■ Assignment
Could you give the data below again, exactly and completely?

Given information START

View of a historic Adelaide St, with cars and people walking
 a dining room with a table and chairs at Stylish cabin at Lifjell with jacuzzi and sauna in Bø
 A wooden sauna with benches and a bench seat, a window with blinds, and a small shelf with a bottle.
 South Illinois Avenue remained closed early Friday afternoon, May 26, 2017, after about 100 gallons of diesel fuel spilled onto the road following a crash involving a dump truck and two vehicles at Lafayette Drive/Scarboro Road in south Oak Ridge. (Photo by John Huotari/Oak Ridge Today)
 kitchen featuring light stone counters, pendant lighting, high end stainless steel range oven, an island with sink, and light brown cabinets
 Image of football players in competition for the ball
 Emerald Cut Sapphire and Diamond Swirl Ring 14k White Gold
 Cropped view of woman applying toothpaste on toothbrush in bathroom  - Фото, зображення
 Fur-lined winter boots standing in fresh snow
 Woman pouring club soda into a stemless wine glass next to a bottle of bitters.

Given information END

■ Problem solution
View of a historic Adelaide St, with cars and people walking
 a dining room with a table and chairs at Stylish cabin at Lifjell with jacuzzi and sauna in Bø
 A wooden sauna with benches and a bench seat, a window with blinds, and a small shelf with a bottle.
 South Illinois Avenue remained closed early Friday afternoon, May 26, 2017, after about 100 gallons of diesel fuel spilled onto the road following a crash involving a dump truck and two vehicles at Lafayette Drive/Scarboro Road in south Oak Ridge. (Photo by John Huotari/Oak Ridge Today)
 kitchen featuring light stone counters, pendant lighting, high end stainless steel range oven, an island with sink, and light brown cabinets
 Image of football players in competition for the ball
 Emerald Cut Sapphire and Diamond Swirl Ring 14k White Gold
 Cropped view of woman applying toothpaste on toothbrush in bathroom  - Фото, зображення
 Fur-lined winter boots standing in fresh snow
 Woman pouring club soda into a stemless wine glass next to a bottle of bitters.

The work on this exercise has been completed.